Safestore Holdings plc
- Type: Public
- Traded as: LSE: SAFE; FTSE 250 component;
- Industry: Storage
- Founded: 1998
- Headquarters: Borehamwood, Hertfordshire, UK
- Key people: David Hearn, (Chairman) Frederic Vecchioli, (CEO)
- Revenue: £234.3 million (2025)
- Operating income: £159.3 million (2025)
- Net income: £111.1 million (2025)
- Website: www.safestore.co.uk

= Safestore =

British multinational self storage service

Safestore is the UK’s largest and Europe’s second largest provider of self-storage. It is listed on the London Stock Exchange and is a constituent of the FTSE 250 Index.

== History ==
Safestore was founded in the UK in 1998, and floated on the Alternative Investment Market (AIM) that year. In 2003, the company was delisted from the AIM after a Bridgepoint-backed £39.8 million Management Buyout led by Steve Williams (Chief Executive at the time).

In 2004, Safestore acquired Mentmore plc for £209 million who were trading under the ‘Spaces’ brand in the UK and as the ‘Une Pièce en Plus’ (UPEP) brand in France.

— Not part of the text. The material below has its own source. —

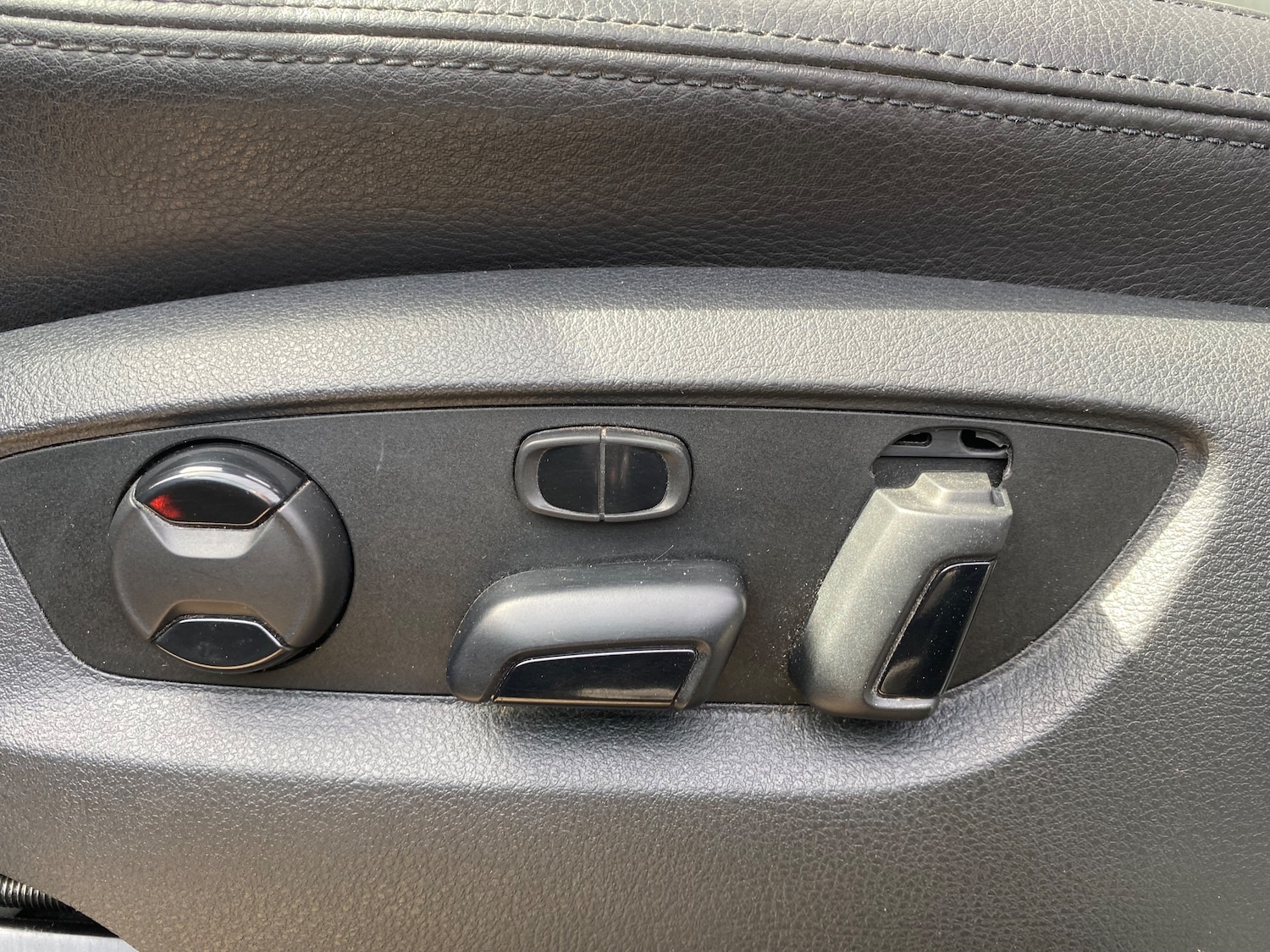 Used Volkswagen Touareg 2015 for sale - 78201525: Photo 27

The company has been listed on the London Stock Exchange since 2007. In April 2013, Safestore was converted into a real estate investment trust (REIT).

Safestore acquired Space Maker in July 2016 (adding 12 stores to the UK operation) and it completed the acquisition of Alligator Self Storage in November 2017.

Safestore acquired the Ready Steady store in Heathrow from Rockpool Investments in August 2019 and two stores joined the Safestore group in London through the acquisition of Fort Box Self Storage in November 2019.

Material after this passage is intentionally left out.